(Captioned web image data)
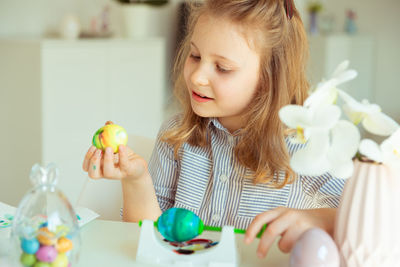 Girl painting easter eggs at table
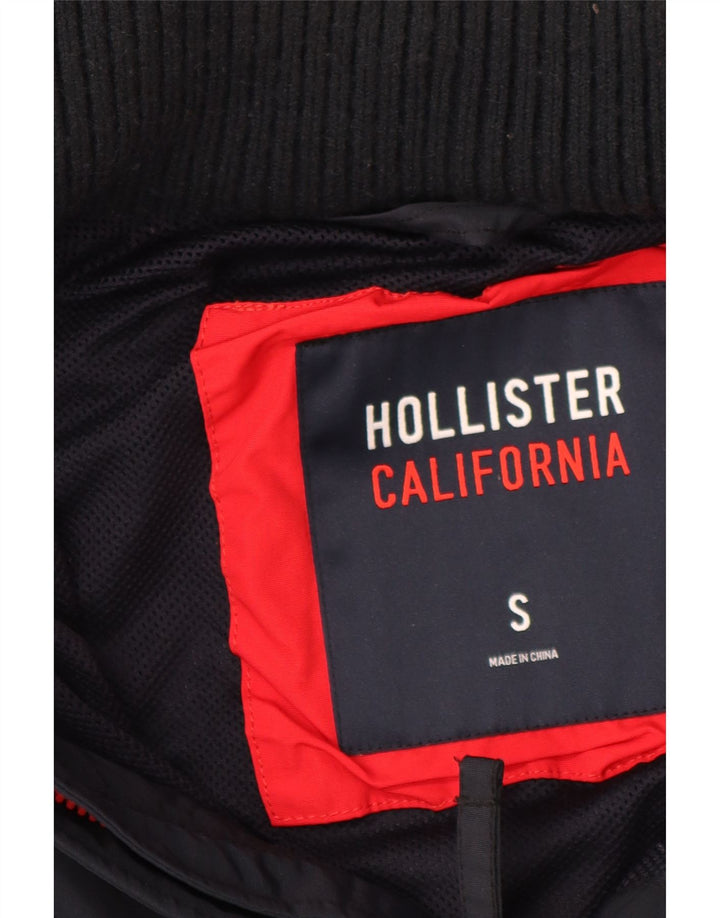 Giacca antipioggia con cappuccio Hollister per ragazzi 13-14 anni taglia piccola in poliestere blu navy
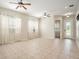 Spacious living area featuring neutral tile flooring, large windows with curtains, and ceiling fans at 30753 Pumpkin Ridge Dr, Wesley Chapel, FL 33543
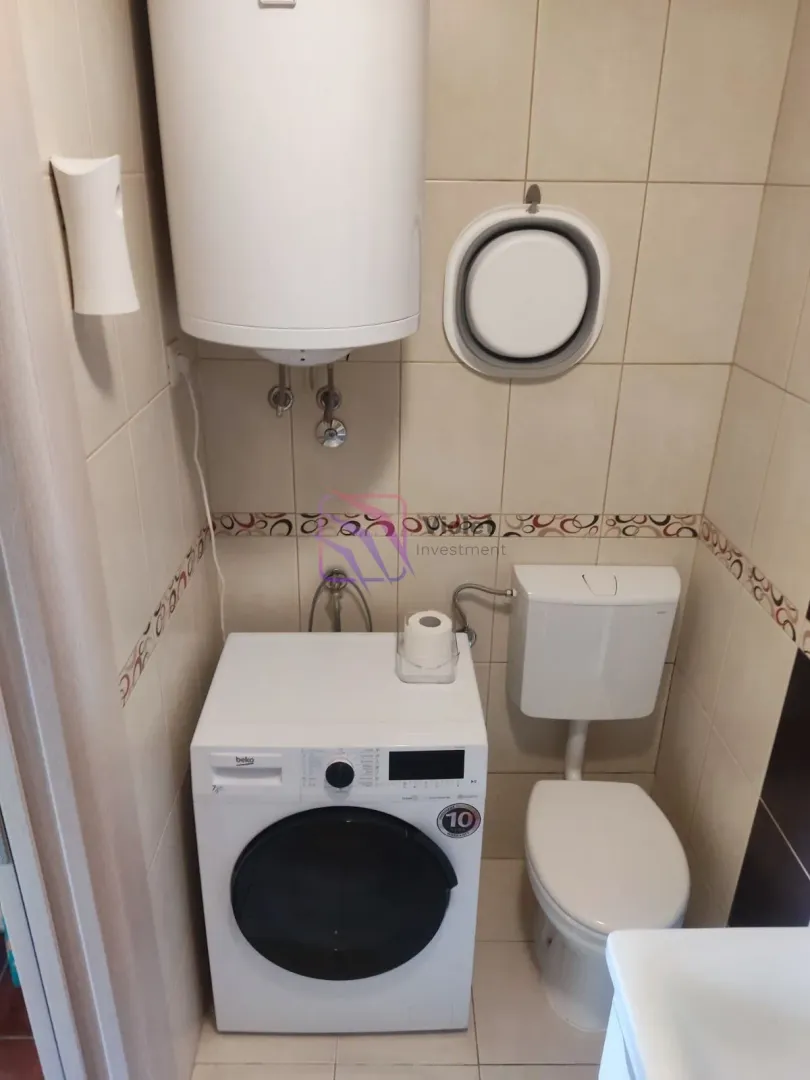 Manje kupatilo sa WC šoljom, veš mašinom i bojlerom na zidu.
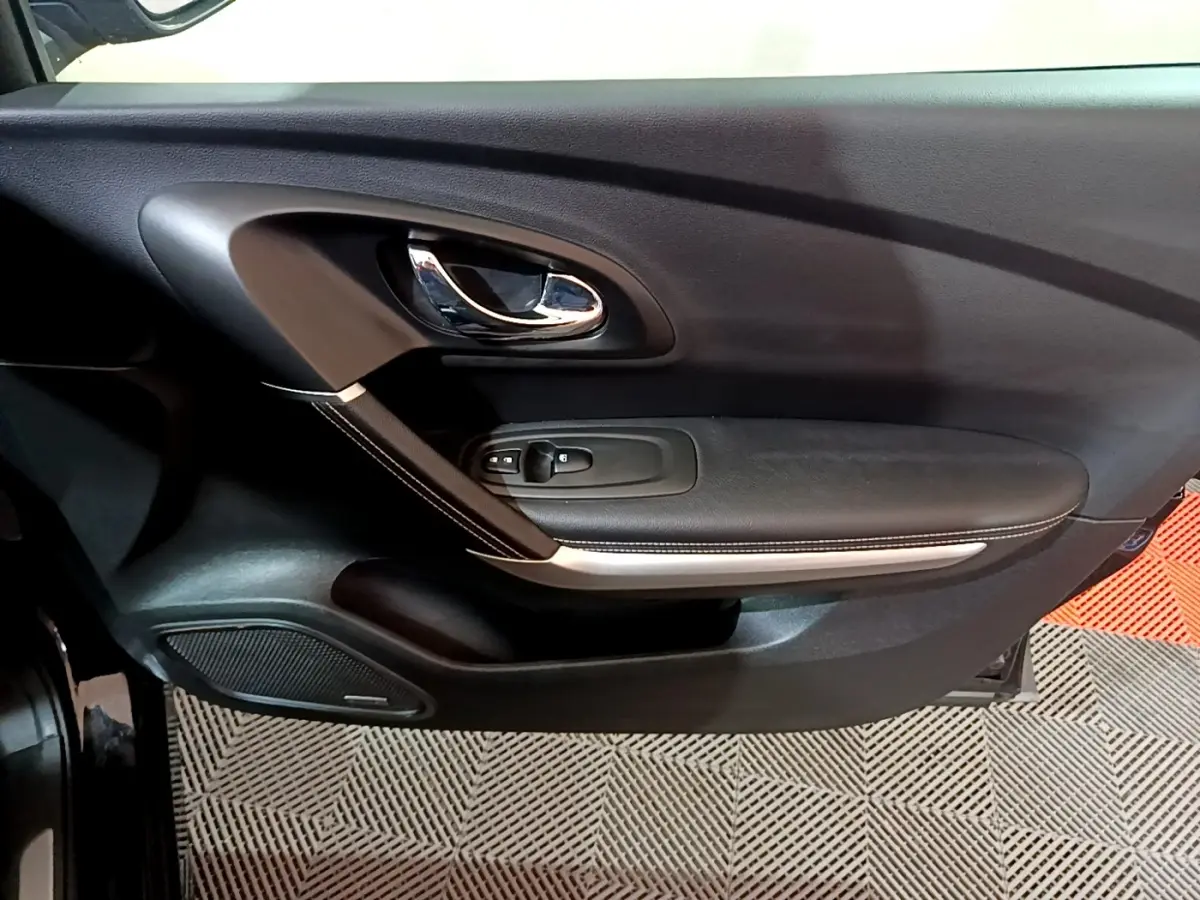 Porte intérieure côté gauche noire du Renault Kadjar Intens 2018 avec poignée chromée et commandes de vitres.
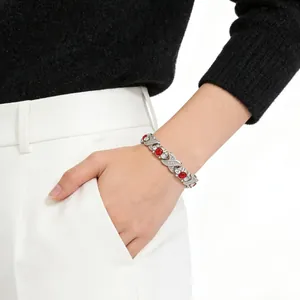 Adjustable elegant silver leaf magnet bracelet with red crystals and rhinestones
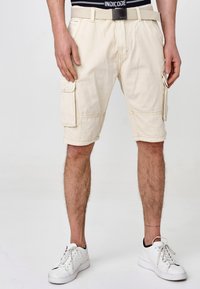 Beige Cargo-Shorts mit zwei seitlichen Taschen, genähten Details und einem umgeschlagenen Saum. Kombiniert mit weißen Sneakers und einem schwarzen Taillengummi.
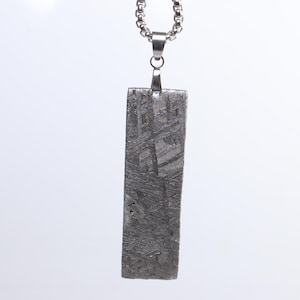 Puede incluir: Un colgante rectangular gris oscuro con un patrón texturizado único, suspendido de una cadena de color plateado. El colgante tiene una apariencia metálica y probablemente está hecho de piedra o metal. El collar se muestra sobre un fondo blanco.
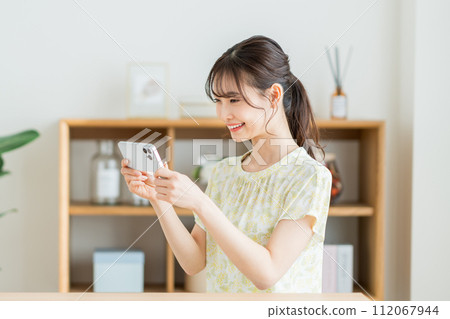 A woman who operates a smartphone in the living room. 112067944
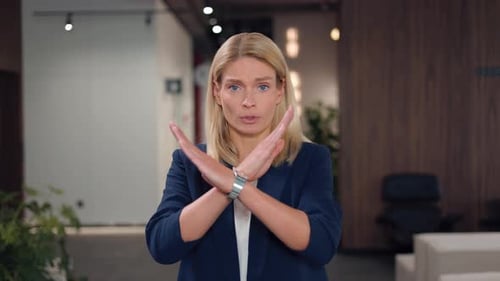 Woman Gesturing 'No' in Office Setting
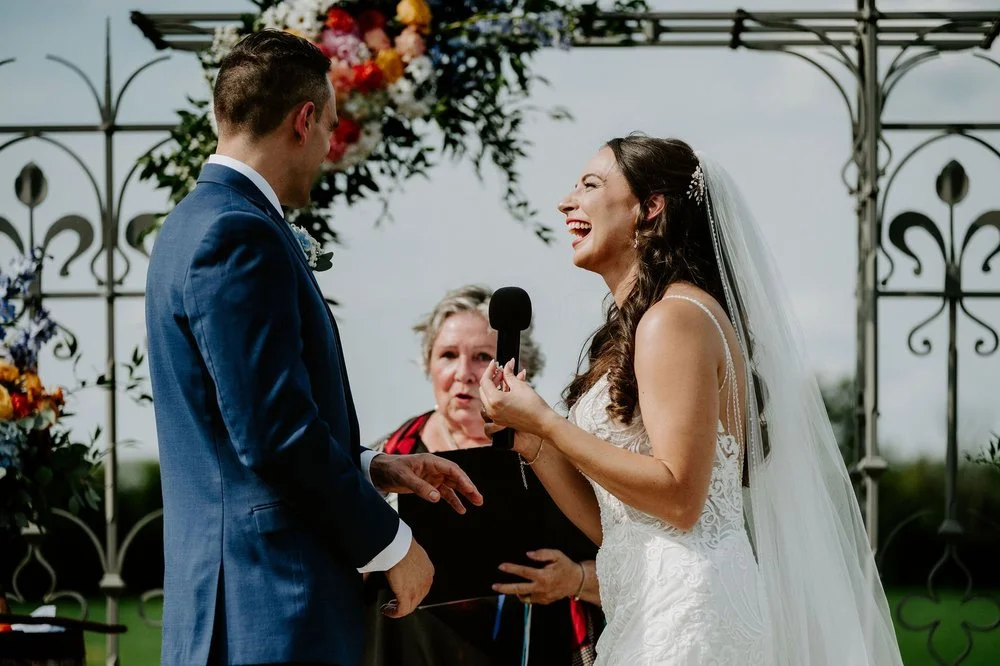 Holly laughing as she reads her vows into a microphone at Evermore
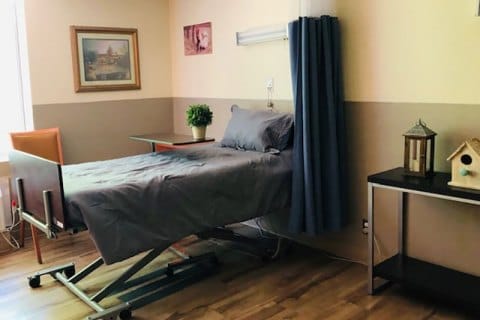 A furnished resident room with a bed and decor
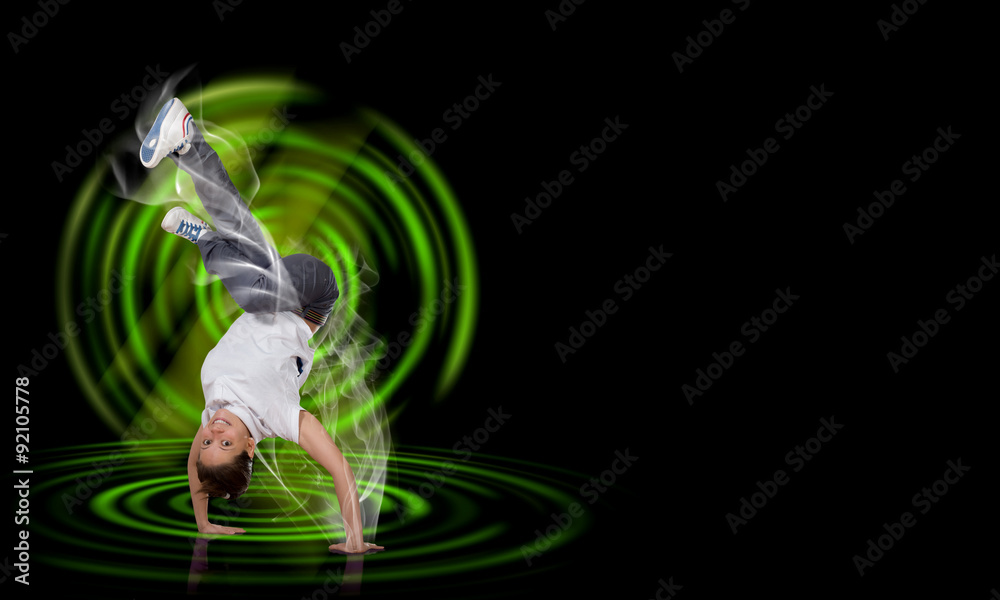 Breakdancer standing on hand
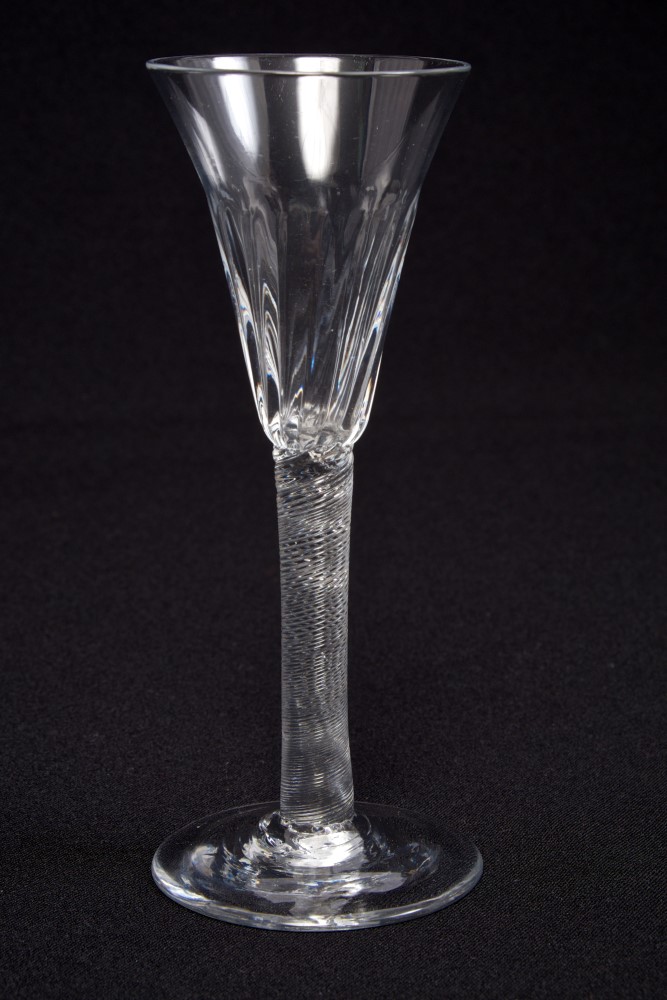 Georgian wine glass, circa 1760, with funnel bowl with moulded flutes,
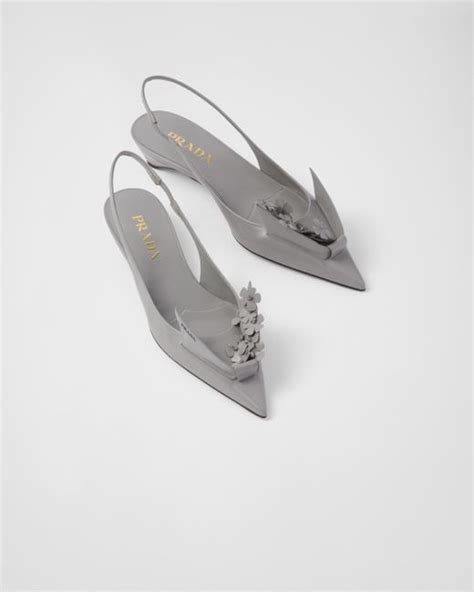 prada brushed leather slingback pumps with floral appliques|Prada buckle sculpted heel pump.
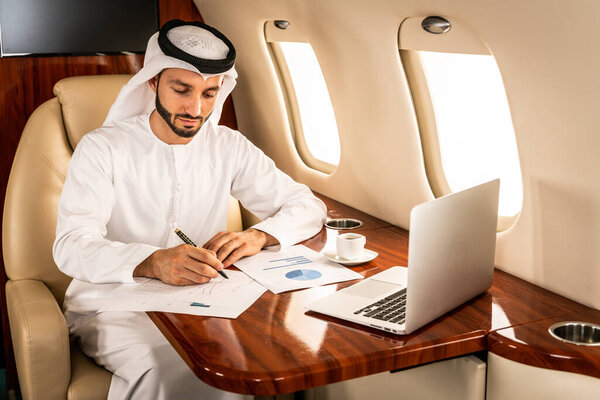 Arabic man wearing kandora in emirates style flying on exclusive private jet - Middle-eastern businessman with traditional dress flies in exclusive business class on airplane, concepts about business and trasportation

EXERCISE PROMPT: Images are to be left out when the records above are written out again exactly.

RESULT OF THIS EXERCISE:
 Girl painting easter eggs at table
 Giacca antipioggia con cappuccio Hollister per ragazzi 13-14 anni taglia piccola in poliestere blu navy
 Spacious living area featuring neutral tile flooring, large windows with curtains, and ceiling fans at 30753 Pumpkin Ridge Dr, Wesley Chapel, FL 33543
 Manje kupatilo sa WC šoljom, veš mašinom i bojlerom na zidu.
 Porte intérieure côté gauche noire du Renault Kadjar Intens 2018 avec poignée chromée et commandes de vitres.
 Adjustable elegant silver leaf magnet bracelet with red crystals and rhinestones
 Beige Cargo-Shorts mit zwei seitlichen Taschen, genähten Details und einem umgeschlagenen Saum. Kombiniert mit weißen Sneakers und einem schwarzen Taillengummi.
 Puede incluir: Un colgante rectangular gris oscuro con un patrón texturizado único, suspendido de una cadena de color plateado. El colgante tiene una apariencia metálica y probablemente está hecho de piedra o metal. El collar se muestra sobre un fondo blanco.
 A woman who operates a smartphone in the living room. 112067944
 Woman Gesturing 'No' in Office Setting
 Holly laughing as she reads her vows into a microphone at Evermore
 A furnished resident room with a bed and decor
 Breakdancer standing on hand
 Georgian wine glass, circa 1760, with funnel bowl with moulded flutes,
 prada brushed leather slingback pumps with floral appliques|Prada buckle sculpted heel pump.
 Arabic man wearing kandora in emirates style flying on exclusive private jet - Middle-eastern businessman with traditional dress flies in exclusive business class on airplane, concepts about business and trasportation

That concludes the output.